This Week in History: September 23-27

Downtown Cape Girardeau has a rich history that spans all the way back to its earliest beginnings circa 1793. Take a look at some important dates from the past and learn how they correspond to some present-day happenings in #DowntownCG!

Monday, the 23rd

1806 – After roughly two years in the wild Louisiana Territory, Lewis and Clark returned on this date to St. Louis, bringing with them an abundance of information on western natural landscapes and their inhabitants. Nearly three years before the homecoming in St. Louis, the expedition paid a visit to Cape Girardeau on November 23, 1803. Currently, the Red House Interpretive Center serves as a historic site that exhibits the expedition’s visit, life in Cape during its time as a trading post, and the life of Louis Lorimier. The site is open on Saturdays in May through October from 1pm – 4pm. Be sure to check out the beautiful historic gardens while you’re there!

Tuesday, the 24th

1954 – President Eisenhower sent US Army men to aid in escorting the African American “Little Rock Nine” into the previously white-only Central High school in Little Rock, Arkansas. After the May 1954 Brown v. Board of Education decision saying that “separate, but equal” was unconstitutional, high schools across the country were then forced to integrate. This includes Cape Central High School. In fact, 24 African American students attended classes at Central for the first time at the beginning of the fall semester on September 7th. While no riots took place here in Cape, the students did not receive the same level of support or acceptance as they had in the all-black John S. Cobb school.

Wednesday, the 25th

1897 – Famous Southern writer William Faulkner was born in Mississippi. His pieces include The Sound and the Fury, As I Lay Dying, and short story “A Rose for Emily” (a creepy, classic short story perfect for the Halloween season). SEMO’s Kent Library has one of the most extensive Faulkner collections and attracts scholars from around the world. Check out one of his books or short stories in honor of his 122nd birthday!

1989 – The Vision 2000 group put up a welcome sign on the second median of Morgan Oak Street as part of the city’s strategic plan. In 1989 at the time of the sign ceremony, the old bridge, currently the Old Mississippi River Bridge and Scenic Outlook located on the outskirts of the River Campus, was still in use.
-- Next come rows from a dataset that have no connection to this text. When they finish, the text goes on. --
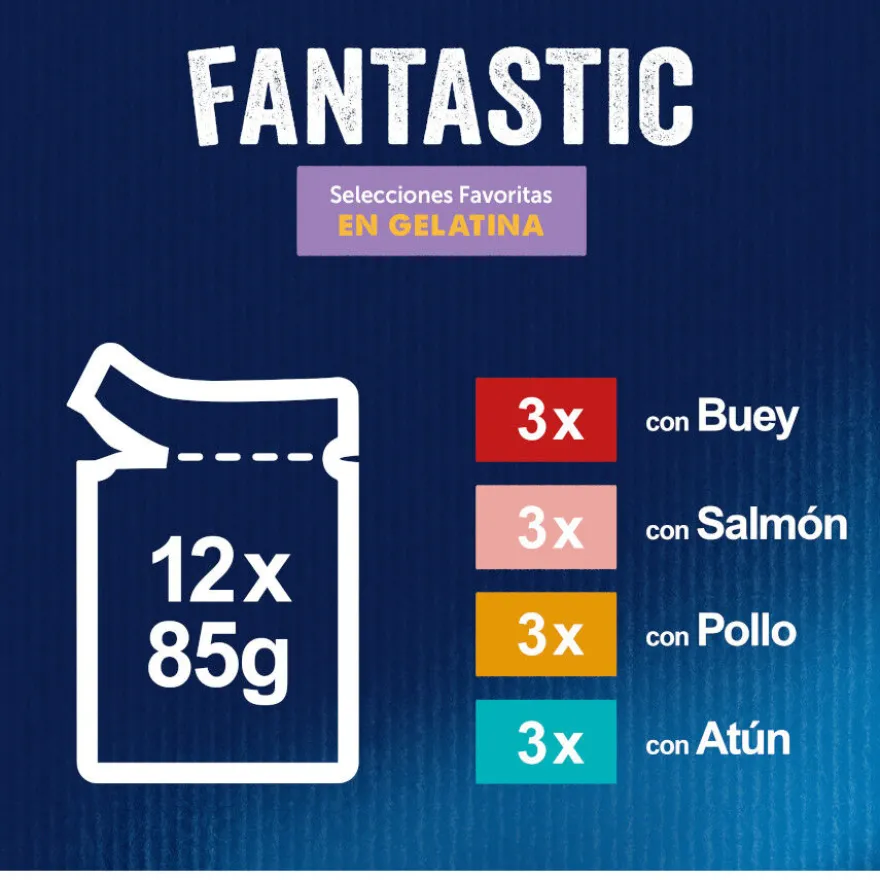 Felix Fantastic Seleções Favoritas saquetas em geleia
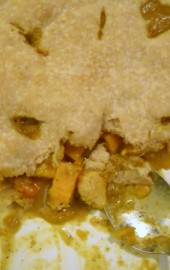 Curried Chicken & Sweet Potato Pot Pie
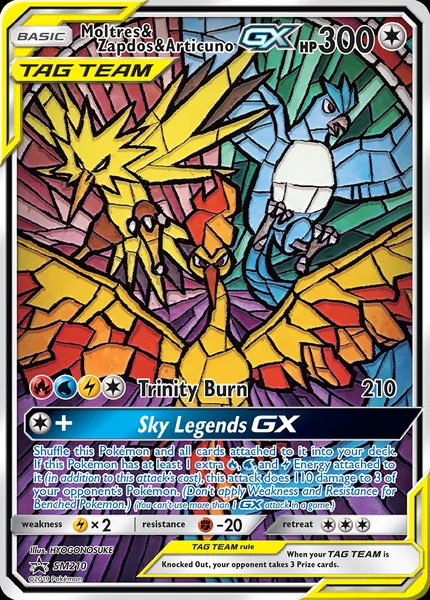 Moltres & Zapdos & Articuno GX card image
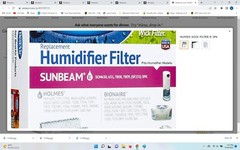 BestAir H100 3 Pack Humidifier Expandable Wick Filters -Pack of 6 (18 Filters)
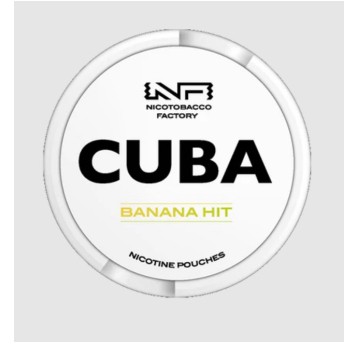 Woreczki nikotynowe CUBA WHITE ICE BANANA HIT 16mg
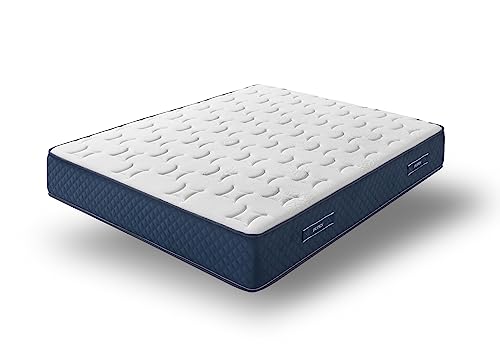 Dupen Colchón con muelles ensacados, colchón Compacto Visco 27 cm firmeza Media con Airdream, tecnología Pocket Tech Box, Lana Natural reciclada y algodón Natural Reciclado. Medidas: 105 x 190 cm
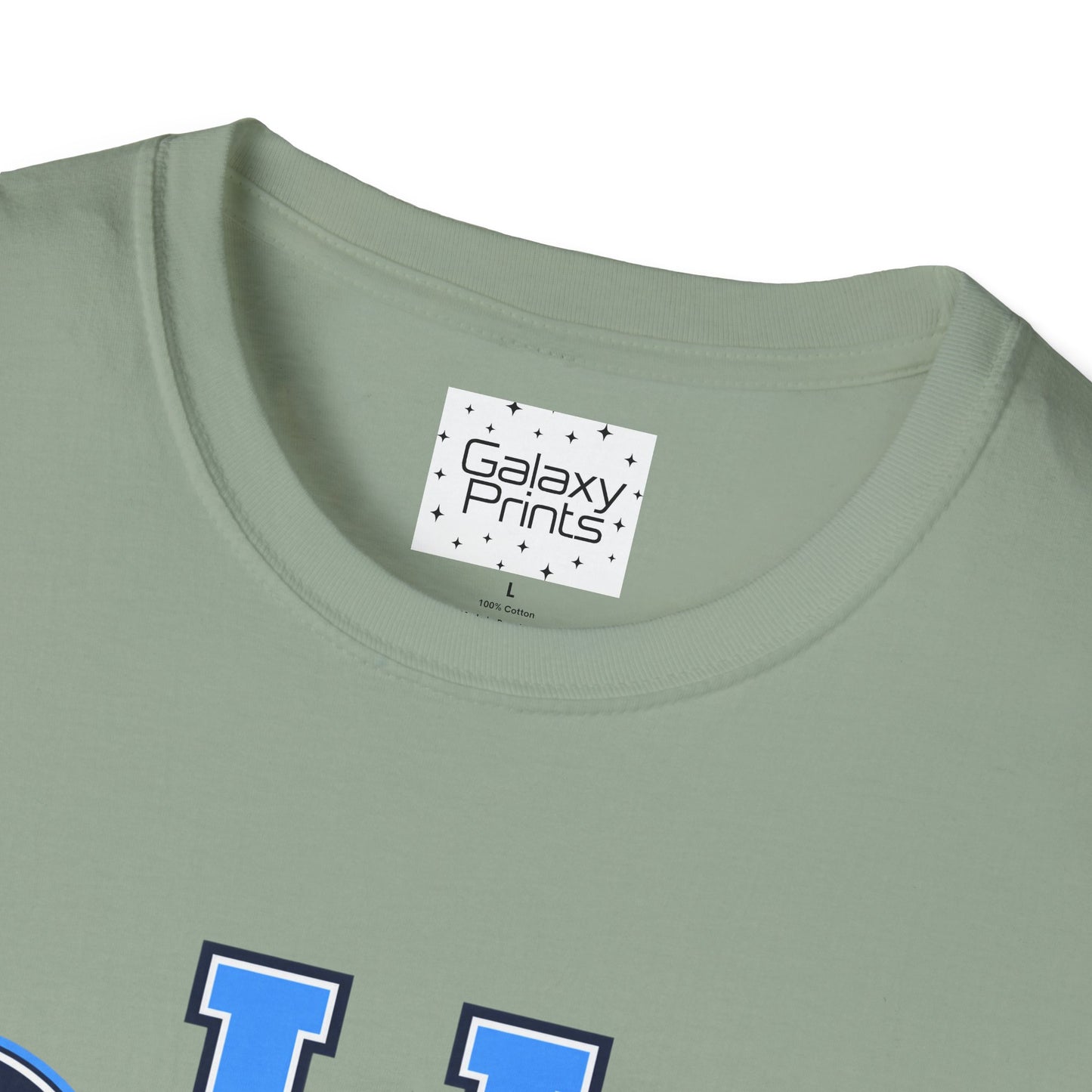 Hoggard - H w/ Axes T-Shirt – Blue 'H' with Crossed Battle Axes Graphic Spirit Tee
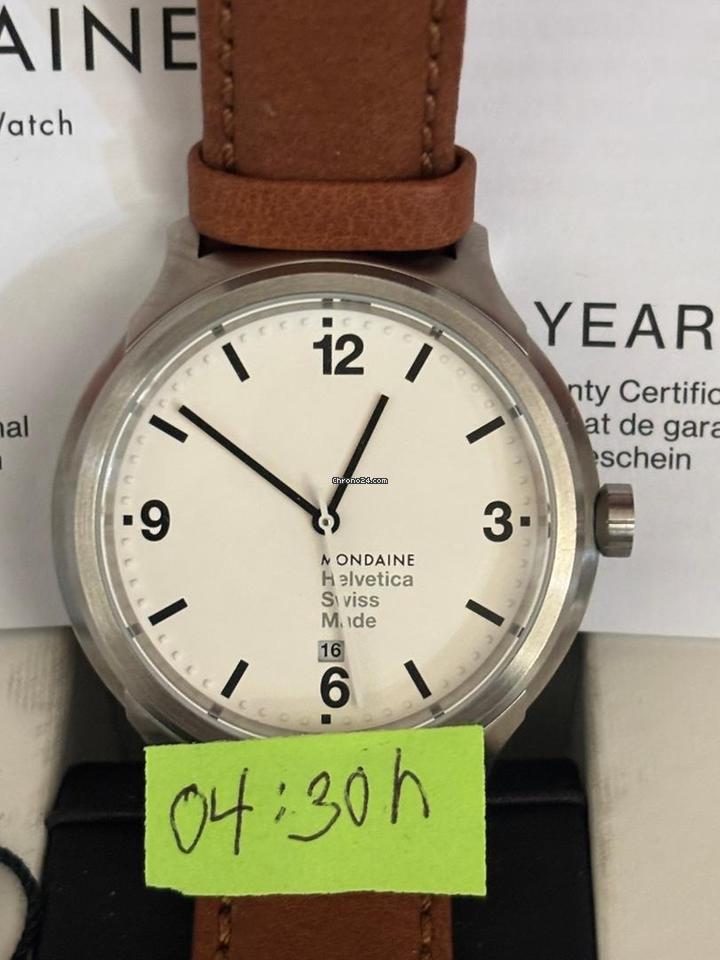 Vendesi Mondaine Helvetica No1 Bold 43mm, Sapphire, Complete Set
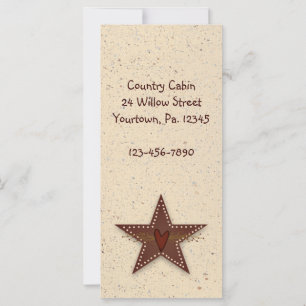 Tin Star Rack Card Book Mark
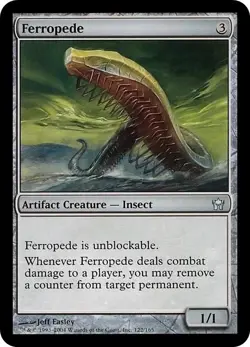 FERROPEDE X 4 E/X+ FIFTH DAWN MAGIC THE GATHERING - Image 1
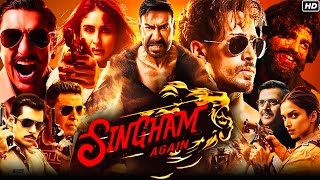 Singham Again Full Movie Hindi 2024  Ajay Devgn Kareena Kapoor Ranveer Singh  Facts amp Review [upl. by Dirtsa]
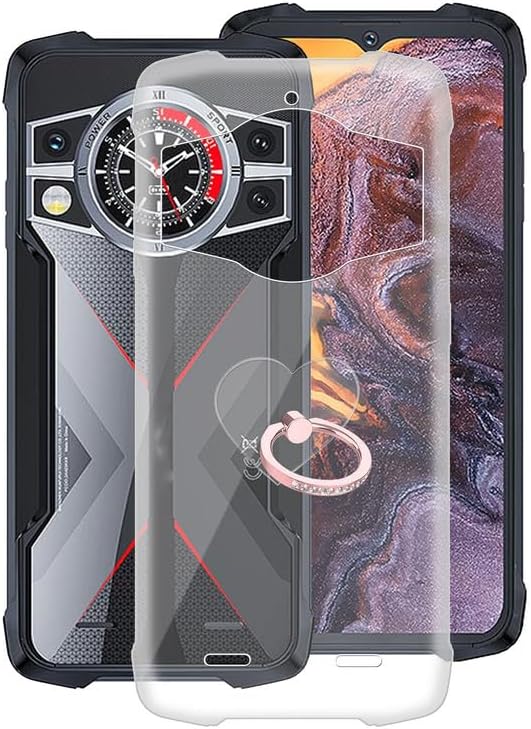 for  9 (6.58") Case, Shockproof Protective Black Case Soft Silicone Bumper Shell 2 Black Flexible Rubber Phone Protective Cases TPU Cover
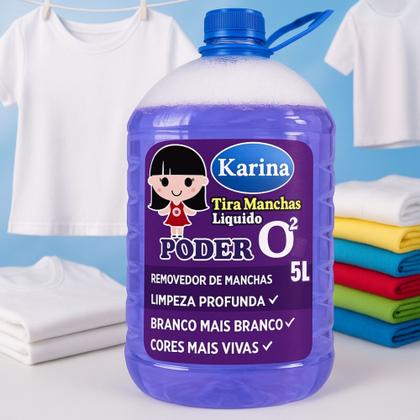 Imagem de Tira Manchas Líquido Galão 5L Karina Poder O2
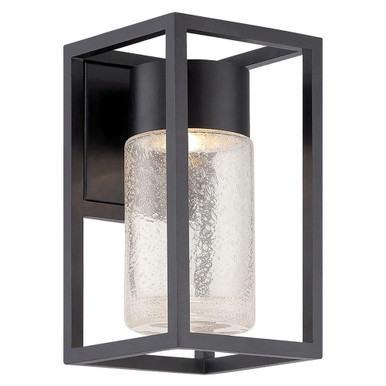 Structure 11W 1 LED Light Outdoor Wall Lantern 11 Inch Tall by Modern Forms - WS-W5411-BK
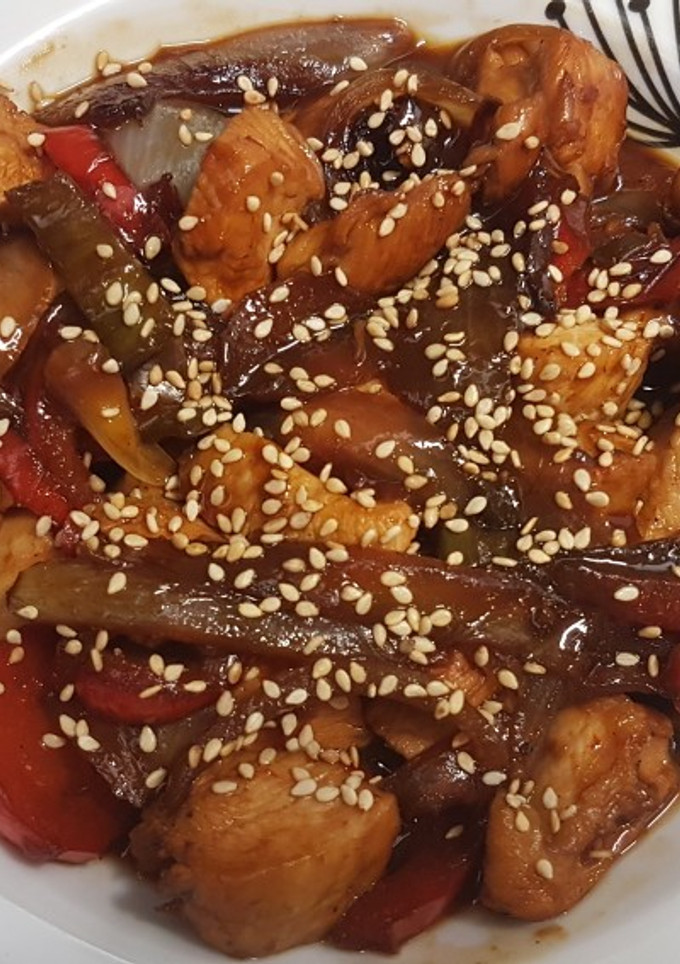 Una foto de Pollo teriyaki rápido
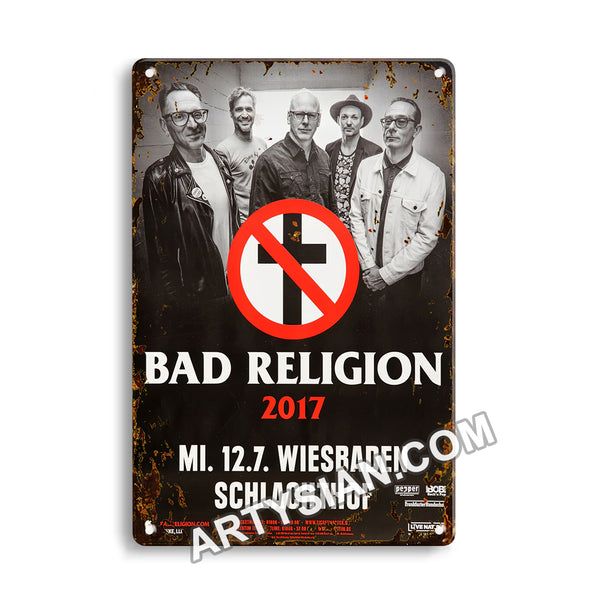 ARTYSIAN Bad Religion - True North Live, Wiesbaden 2017 - KonzertplakatMetal Sign 30X20cm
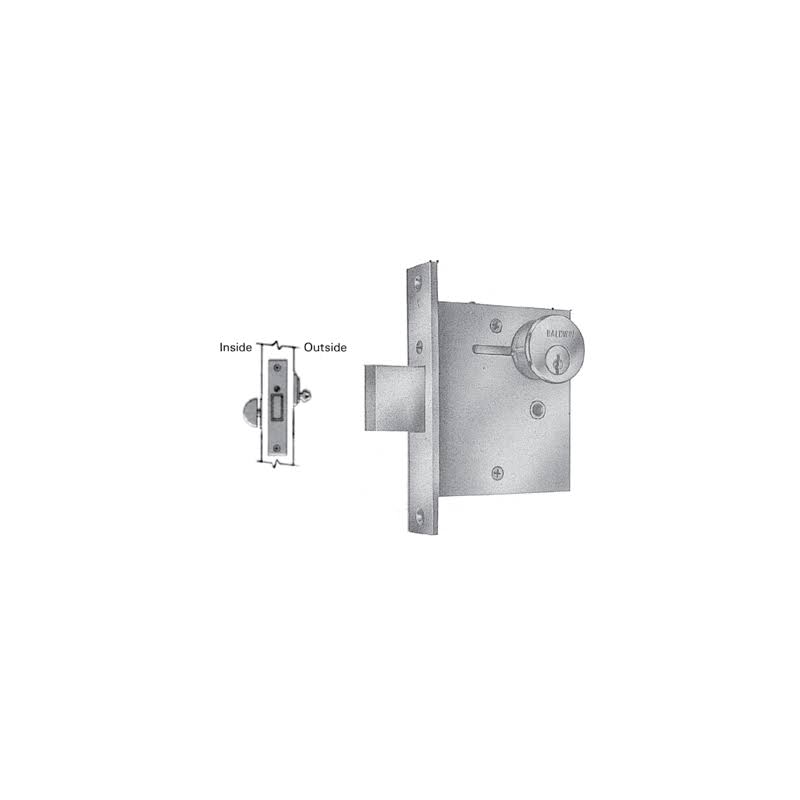 Antique Nickel Mortise Deadlock S79792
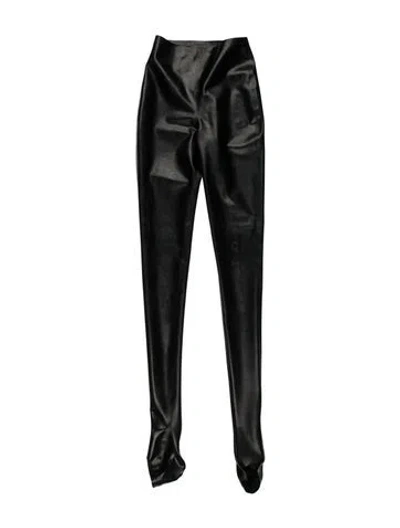 Pre-owned Alaïa Latex Skinny Leg Pants In Black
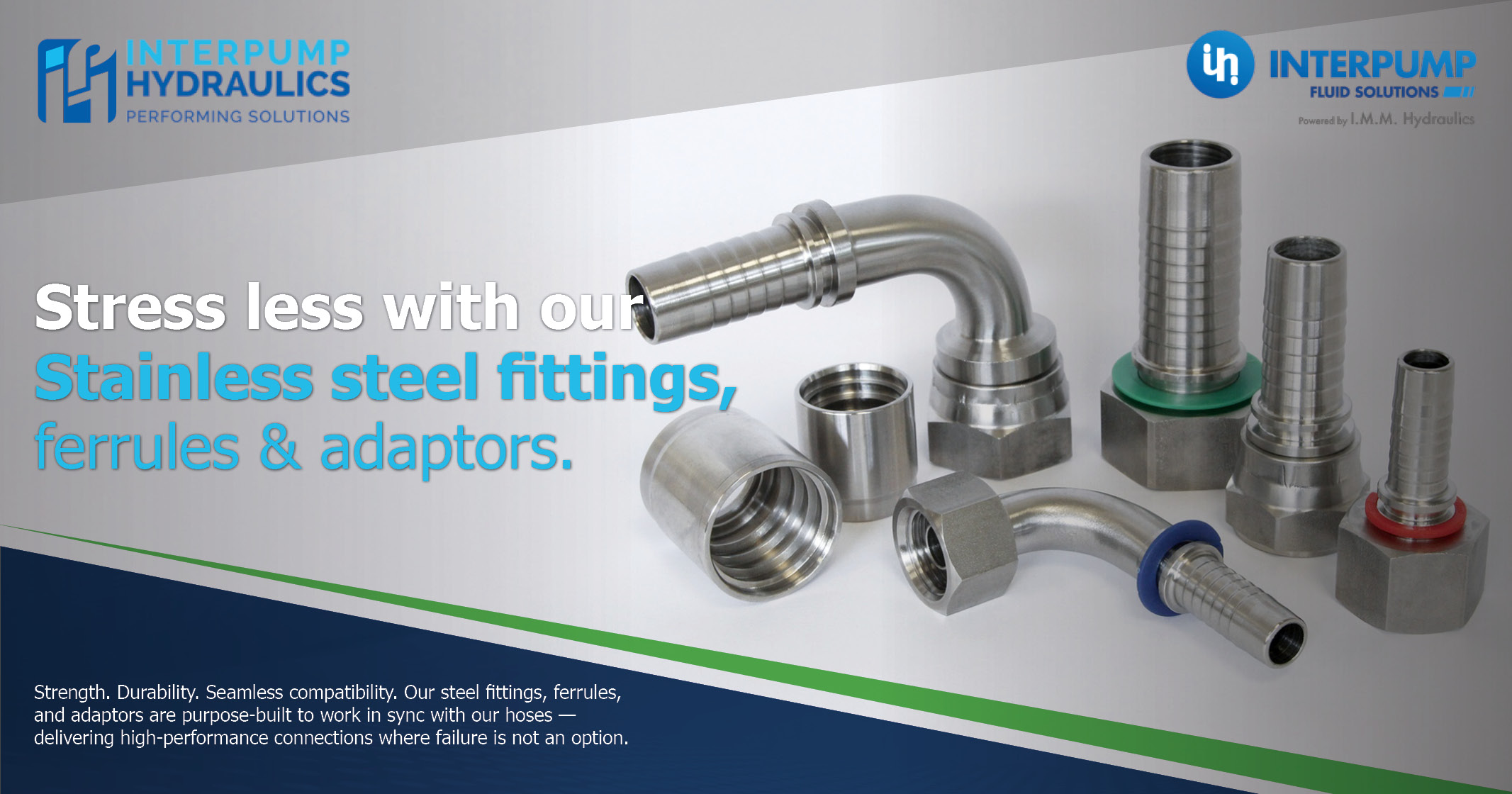 Stainless steel fittings, ferrules & adaptors | Interpump Hydraulics South Africa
The sign featured a red rose and read “Welcome to Cape Girardeau, City of Roses on the River.” A picture of the sign can be found in the Southeast Missourian’s archives.

Thursday, the 26th

1898 – Composer George Gershwin was born in New York City. With the piano as his instrument of choice, Gershwin went on to become a well-known jazz artist. He created music for musicals such as Rhapsody in Blue, An American in Paris, and Porgy and Bess. Speaking of musicals, the River Campus is offering performances of The Three Musketeers musical Wednesday through Sunday, September 25th-29th. I’m so excited to see the talented River Campus students to show off their sword fighting skills in this adventurous tale!

Friday, the 27th

1917 – 102 years ago Cape Girardeau began feeling the effects of the First World War firsthand. On this day in 1917, a group of 8 men (4 of which from Cape Girardeau) made up the second round of local soldiers sent to Fort Riley in Kansas. The leave taking of these men was rather somber, especially compared to the fanfare the first round of men received. According to the Southeast Missourian archives, these 8 men were “Earl Burke of Cape Girardeau, Thomas E. Miller of Oak Ridge, Thomas E. Ervin of Whitewater, Alvin G. Farrar of Cape Girardeau, Edwin H. Vandeven of Cape Girardeau, Emmett L. McBride of Cape Girardeau, Walter M. Mirly of New Wells, and Winslow Ross of Neely’s Landing.”


This information primarily came from the Southeast Missourian’s archives and Britannica’s “On This Day in History” webpage.